Damn. I suppose this is kind of the classical equivalent of Taylor Swift re-recording her old albums, except that “Jiggy” doesn’t own that music in the way she owns hers. Any ensemble’s entitled to perform it, Gardiner has no exclusive right to it, and this is just him being a dickhead. Kind of impressed by the apparent speed with which he’s pulled his new orchestra together and made it ready to do these shows, just not so sure how I feel about the people who’ve agreed to join it, cos I assume they know about the punching incident (the latter, for what it’s worth, seems to have just been the last straw, with Gardiner apparently having had a reputation for being short with his performers for years)… but that’s the show for you, it has to go on, doesn’t it.

What every music festival needs

Metal music festival loses headliner, multiple bands after announcing Kyle Rittenhouse as guest

If you were planning to go to the Shell Shock II music festival in Orlando and you like Kyle Rittenhouse … well, you are in luck.
But if you were hoping to see a handful of the bands — including the headliner, Evergreen Terrace — there, well … they apparently don’t want to be on the same card as Kyle Rittenhouse.
So, instead, the new headliner for Shell Shock II, per Loudwire, will be a Slipknot cover band.
You read that right, the festival is now, apparently, down to a cover band as its headliner after announcing that Rittenhouse would attend.

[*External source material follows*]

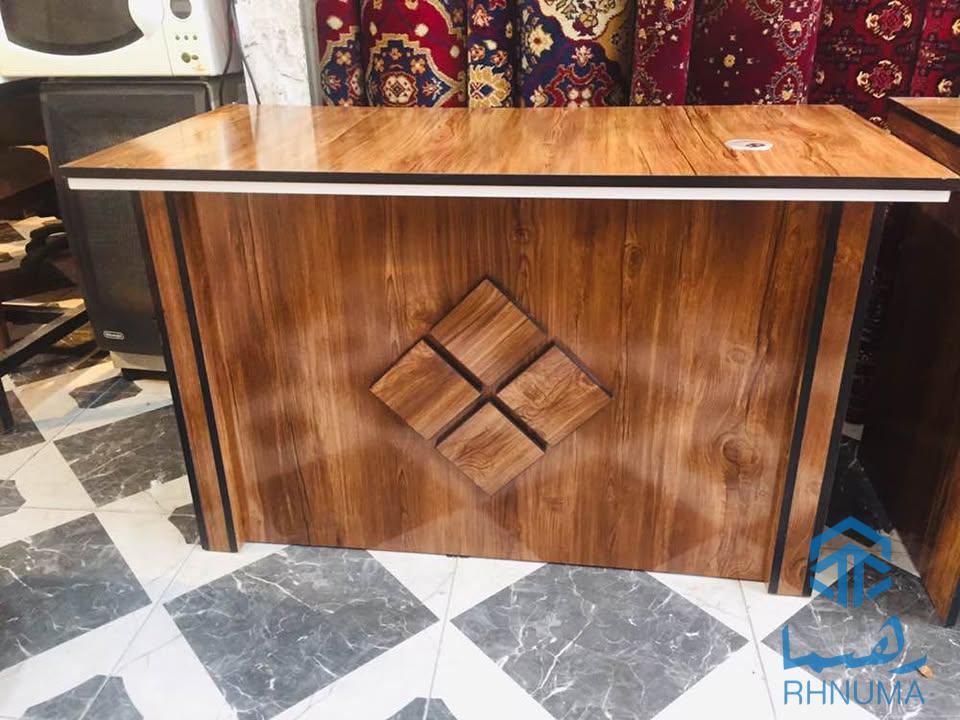 یک میز دفتر ی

I have no idea what this festival is like, nor do I know anything about the apparently four bands that have pulled out of it, but I have even less idea what the organisers were thinking. I mean, music festivals generally don’t need people making speeches anyway, metal festivals need them even less, and none of them need this cunt. So what do the organisers have to say for themselves?

“We have been silent,” a post on The Antihero Podcast Instagram reads. “But we are prepping. The liberal mob attempted to destroy Shell Shock. But we will not allow it. This is now about more than a concert. This is a war of ideology.”

Oh. So it wasn’t ideological when they hired (I nearly wrote that as “whored” for some reason; Kyle whores himself) Rittenhouse to speak at the festival, of all the fucking people they could’ve hired to speak at it if they had to hire anyone to speak in the first place? And getting a Slipknot cover band as your replacement headliner… THAT was the best you could do? None of the other bands still playing were good enough to promote? The Antihero Podcast, by the way, are a bunch of Trumpeters, which I learned from their Instagram and was somehow not surprised by this. I can’t find anything about the bands still playing the event, but whoever they are I’d be looking at them at least slightly askance from now on if they’re still OK with sharing the stage with Kill Rittenhouse. Damn shame, cos the festival’s actually in aid of veterans with PTSD, it’s a worthy charity event and that’s evidently what the bands thought they were signing up for… after this, though, I’d be surprised if Shell Shock III is ever a thing.